For years we’ve been hearing about how gear box bikes may obsolete the traditional drivetrain. It hasn’t happened yet, but with bikes like the Zerode Taniwha we may be getting closer. To be clear, the Taniwha was not new at Sea Otter this year, what is new is that the bike will finally be available in the U.S. with the help of Cycle Monkey distribution. That said, it still might be difficult to get your hands on – the first bikes sold globally were all part of t a preorder which left only a handful of frames left. Cycle Monkey will soon have a number of them in stock in their California warehouse, but don’t expect them to last long…
Conceptualized around the Pinion P.12 gearbox, Zerode claims this is the first carbon fiber enduro bike built around the Pinion drivetrain.
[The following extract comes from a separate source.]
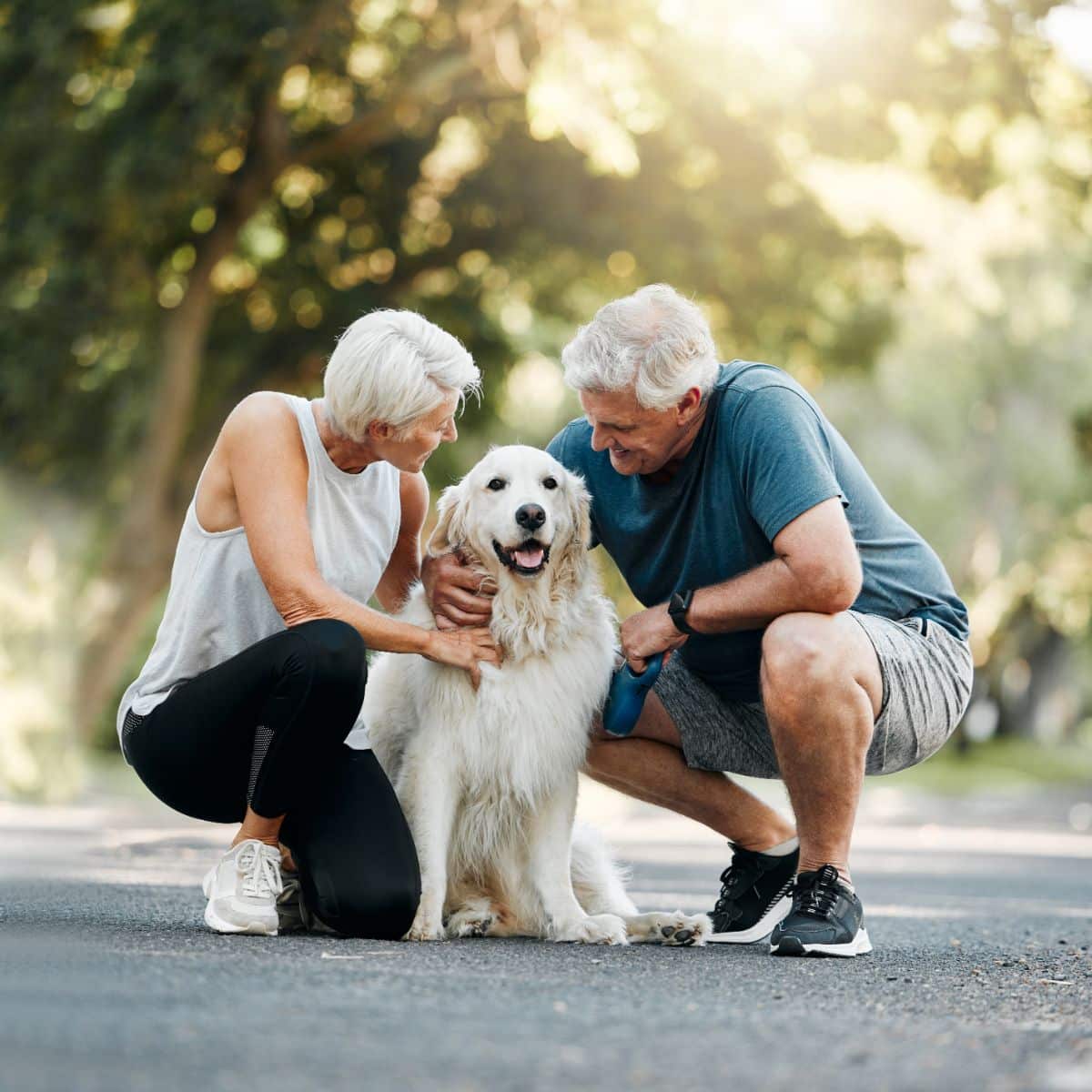 Spiritual Meaning Of Dog Peeing On You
Obvious benefits include an encapsulated gear mechanism with an oil bath, and with the majority of the weight centralized around the bottom bracket area.
Of course there’s no longer a rear derailleur to snag on anything at the back end as well. What you will find is a small chain tensioner located just behind the chainring where it should be mostly out of the way. True to form, gearbox bikes like the Taniwha remove much of the unsprung weight of the drivetrain and relocate it as sprung weight on the frame -which should have a positive effect on suspension performance. It also makes for a stronger rear wheel since a 12 x 142 single speed hub can be used with wider flange spacing and more even spoke tension. Not to mention perfect chainline since it never moves.
It’s worth noting that in a number of short test rides, this was the smoothest shifting I’ve felt from a Pinion gearbox yet. Either they are getting better, or the others were poorly set up. That alone made me much more hopeful for the future of the gearbox bike. I’ve ridden a few where the shifting just felt clunky and uninspiring. This bike was different – in a good way.
Built around a full carbon frame with an aluminum suspension link, the Taniwha features internal cable routing including dropper post, 160mm travel, 27.5″ wheels with 2.7″ tire clearance, a 65° head tube angle, and a build weight of 32-33lbs. Offered as a complete build or as a frame and gearbox, pricing for completes starts at $6,500 in M, L, and XL frames.